For most, in our mid-20’s we still think the world either owes us something or revolves around us … we were still finding our footing in life and love, well, most of us had yet to realize the brutal friend that love can sometimes be. By the mid-aughts, there would be a name for it — the quarter-life crisis.
The Indescribable Wow captures that quarter-life crisis quite well.
Reviews of Phillips’s secular debut were sparse but favorable.
Jimmy Gutterman in his Rolling Stone review of The Indescribable Wow from 1988 said: “Phillips is a major talent, with great rewards to offer.”
Jason Ankeny at AllMusic called her “a pop marvel” and that the songs on The Indescribable Wow “conjure the spirit of prime girl-group-era pop, but her mature, pointed lyrics — largely devoted to sophisticated dissections of modern relationships — shrug off such easy comparisons.”
While Sam Phillips has built and sustained a career in the secular music world, broad commercial success has eluded her. However, she has been recognized among her peers and within the industry having twice been nominated for Grammy Awards and picking one up for an album that contained one of her songs:
As Leslie Phillips, she was nominated in 1985 for Best Gospel Vocal Performance, Female for Black and White in a Grey World.

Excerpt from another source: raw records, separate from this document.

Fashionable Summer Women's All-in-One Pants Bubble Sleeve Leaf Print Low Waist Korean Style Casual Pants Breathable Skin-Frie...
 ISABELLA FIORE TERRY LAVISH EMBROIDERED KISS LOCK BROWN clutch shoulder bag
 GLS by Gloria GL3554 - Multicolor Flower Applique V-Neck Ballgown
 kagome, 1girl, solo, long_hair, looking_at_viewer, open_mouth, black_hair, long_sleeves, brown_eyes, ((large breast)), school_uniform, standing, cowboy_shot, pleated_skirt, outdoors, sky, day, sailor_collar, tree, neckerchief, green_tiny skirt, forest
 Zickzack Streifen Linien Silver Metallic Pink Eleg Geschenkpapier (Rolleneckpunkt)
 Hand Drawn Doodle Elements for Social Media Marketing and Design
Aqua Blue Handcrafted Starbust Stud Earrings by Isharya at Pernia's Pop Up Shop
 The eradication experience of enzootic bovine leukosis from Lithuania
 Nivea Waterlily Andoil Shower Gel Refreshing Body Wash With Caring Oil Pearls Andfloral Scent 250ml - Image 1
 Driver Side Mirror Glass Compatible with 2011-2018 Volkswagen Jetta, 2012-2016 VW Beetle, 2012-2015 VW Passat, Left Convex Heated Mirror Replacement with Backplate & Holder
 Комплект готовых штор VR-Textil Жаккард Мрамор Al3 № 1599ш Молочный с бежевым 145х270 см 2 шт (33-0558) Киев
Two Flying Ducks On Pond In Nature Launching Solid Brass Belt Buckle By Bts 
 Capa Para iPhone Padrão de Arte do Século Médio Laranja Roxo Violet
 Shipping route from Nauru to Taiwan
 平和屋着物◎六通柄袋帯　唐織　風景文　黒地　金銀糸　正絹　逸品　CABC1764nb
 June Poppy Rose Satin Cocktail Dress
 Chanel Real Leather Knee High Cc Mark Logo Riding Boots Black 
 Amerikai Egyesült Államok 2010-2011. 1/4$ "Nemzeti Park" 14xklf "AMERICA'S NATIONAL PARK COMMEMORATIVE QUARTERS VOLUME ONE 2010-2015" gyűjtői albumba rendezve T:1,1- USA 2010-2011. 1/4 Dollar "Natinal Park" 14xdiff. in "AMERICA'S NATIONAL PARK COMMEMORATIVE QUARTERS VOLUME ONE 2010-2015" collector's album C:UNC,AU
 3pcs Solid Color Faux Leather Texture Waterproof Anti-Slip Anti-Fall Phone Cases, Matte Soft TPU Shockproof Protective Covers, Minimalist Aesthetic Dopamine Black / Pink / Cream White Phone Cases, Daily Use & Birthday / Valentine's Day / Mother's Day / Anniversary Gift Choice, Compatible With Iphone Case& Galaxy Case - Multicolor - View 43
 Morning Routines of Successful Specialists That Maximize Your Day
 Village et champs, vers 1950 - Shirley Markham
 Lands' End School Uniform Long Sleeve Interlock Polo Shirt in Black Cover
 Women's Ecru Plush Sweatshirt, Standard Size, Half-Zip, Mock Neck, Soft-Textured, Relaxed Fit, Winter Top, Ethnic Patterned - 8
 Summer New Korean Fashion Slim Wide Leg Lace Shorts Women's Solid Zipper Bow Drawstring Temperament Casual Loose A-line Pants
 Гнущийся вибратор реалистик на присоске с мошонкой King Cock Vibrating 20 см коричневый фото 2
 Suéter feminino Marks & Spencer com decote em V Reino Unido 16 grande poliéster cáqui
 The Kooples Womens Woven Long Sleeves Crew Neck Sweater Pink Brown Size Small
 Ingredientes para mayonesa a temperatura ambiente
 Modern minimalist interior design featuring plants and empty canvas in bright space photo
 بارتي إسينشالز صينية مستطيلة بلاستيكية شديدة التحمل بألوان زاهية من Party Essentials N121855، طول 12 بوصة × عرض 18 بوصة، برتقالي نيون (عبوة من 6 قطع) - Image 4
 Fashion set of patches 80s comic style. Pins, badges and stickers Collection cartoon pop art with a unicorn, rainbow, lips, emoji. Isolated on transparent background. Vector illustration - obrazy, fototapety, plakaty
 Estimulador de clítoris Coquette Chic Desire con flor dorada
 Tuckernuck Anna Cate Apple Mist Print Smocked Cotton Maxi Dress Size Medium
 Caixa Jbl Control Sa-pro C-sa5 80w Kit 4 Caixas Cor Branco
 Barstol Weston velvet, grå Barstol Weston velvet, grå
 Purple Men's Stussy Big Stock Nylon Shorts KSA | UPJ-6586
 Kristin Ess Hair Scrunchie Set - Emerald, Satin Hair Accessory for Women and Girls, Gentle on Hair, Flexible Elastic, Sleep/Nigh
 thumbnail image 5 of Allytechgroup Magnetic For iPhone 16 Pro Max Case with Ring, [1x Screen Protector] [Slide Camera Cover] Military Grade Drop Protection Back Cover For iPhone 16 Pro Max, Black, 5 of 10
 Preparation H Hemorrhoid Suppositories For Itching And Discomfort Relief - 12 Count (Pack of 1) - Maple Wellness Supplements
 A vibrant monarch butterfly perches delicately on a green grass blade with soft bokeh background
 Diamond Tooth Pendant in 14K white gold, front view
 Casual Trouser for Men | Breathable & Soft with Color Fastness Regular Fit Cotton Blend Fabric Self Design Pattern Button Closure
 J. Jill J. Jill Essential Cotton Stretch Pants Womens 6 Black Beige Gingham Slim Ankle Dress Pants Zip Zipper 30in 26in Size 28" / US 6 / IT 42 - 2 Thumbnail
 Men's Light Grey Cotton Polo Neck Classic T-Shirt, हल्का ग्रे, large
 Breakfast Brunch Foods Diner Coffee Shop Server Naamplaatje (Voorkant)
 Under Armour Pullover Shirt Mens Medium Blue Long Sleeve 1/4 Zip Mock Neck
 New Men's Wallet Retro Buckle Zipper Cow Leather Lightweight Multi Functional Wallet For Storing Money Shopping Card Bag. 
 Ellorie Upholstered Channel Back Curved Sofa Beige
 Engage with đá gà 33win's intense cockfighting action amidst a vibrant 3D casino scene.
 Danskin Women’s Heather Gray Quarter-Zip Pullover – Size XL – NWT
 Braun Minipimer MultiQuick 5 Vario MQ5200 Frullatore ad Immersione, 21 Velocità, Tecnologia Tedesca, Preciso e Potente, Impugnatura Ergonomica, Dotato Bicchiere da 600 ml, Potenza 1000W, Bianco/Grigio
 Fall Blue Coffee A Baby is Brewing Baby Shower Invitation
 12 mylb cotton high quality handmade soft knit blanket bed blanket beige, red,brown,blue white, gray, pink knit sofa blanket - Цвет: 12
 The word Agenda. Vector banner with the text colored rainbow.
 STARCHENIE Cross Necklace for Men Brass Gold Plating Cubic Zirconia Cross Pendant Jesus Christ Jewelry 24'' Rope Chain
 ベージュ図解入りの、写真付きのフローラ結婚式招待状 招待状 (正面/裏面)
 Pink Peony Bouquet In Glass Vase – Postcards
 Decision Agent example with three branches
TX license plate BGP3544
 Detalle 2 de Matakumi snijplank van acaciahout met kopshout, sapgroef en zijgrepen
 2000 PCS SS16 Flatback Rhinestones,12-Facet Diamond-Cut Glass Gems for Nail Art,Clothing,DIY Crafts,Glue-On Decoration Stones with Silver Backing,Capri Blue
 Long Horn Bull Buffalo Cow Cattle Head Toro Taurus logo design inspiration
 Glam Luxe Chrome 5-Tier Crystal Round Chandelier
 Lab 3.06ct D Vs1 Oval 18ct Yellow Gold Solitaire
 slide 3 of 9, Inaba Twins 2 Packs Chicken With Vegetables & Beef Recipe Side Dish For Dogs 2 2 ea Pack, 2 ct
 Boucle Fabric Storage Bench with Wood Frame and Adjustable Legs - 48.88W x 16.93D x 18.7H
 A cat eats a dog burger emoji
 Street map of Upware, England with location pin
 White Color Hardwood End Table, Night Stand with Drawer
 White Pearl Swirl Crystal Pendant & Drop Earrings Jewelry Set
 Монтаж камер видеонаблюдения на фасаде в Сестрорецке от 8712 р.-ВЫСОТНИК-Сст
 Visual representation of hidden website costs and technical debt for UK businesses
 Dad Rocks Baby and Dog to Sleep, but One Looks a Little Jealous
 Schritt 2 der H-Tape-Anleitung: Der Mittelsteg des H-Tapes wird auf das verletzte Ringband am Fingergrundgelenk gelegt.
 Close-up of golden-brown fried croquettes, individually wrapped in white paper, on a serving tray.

As Sam Phillips, she was nominated in 1994 for Best Female Rock Vocal Performance for “Circle of Fire” from Martinis & Bikinis.
As Sam Phillips, her song “Sister Rosetta Goes Before Us” was covered by Robert Plant and Alison Krauss on Raising Sand — Grammy Award winner for Record of the Year in 2009.
Proving herself to be a diverse artist, Phillips has also done some acting. She landed the part as the mute terrorist Katya in 1995’s Die Hard with a Vengeance & also made a cameo in the 1997 Wim Wenders film The End of Violence, singing part of “Animals on Wheels” from her album Omnipop.
Along the way, she struck up a friendship with screenwriter Amy Sherman-Palladino. So while you may never have heard a Sam Phillips song, if you’ve ever watched Gilmore Girls, Bunheads, or The Marvelous Mrs. Maisel, you’ve heard Sam Phillips work.
Her friendship with Amy Sherman-Palladino led her on an unexpected detour into composing music for television. Phillips has created the music for all three of Sherman-Palladino’s shows — Gilmore Girls, Bunheads, and The Marvelous Mrs. Maisel.
Sam Phillips stepped into the studio to record her secular debut after having kicked the can around in the Christian music world. She was no neophyte.
But when she stepped out of the studio the record she released was very different from her previous work (obviously) and very appropriately named — The Indescribable Wow.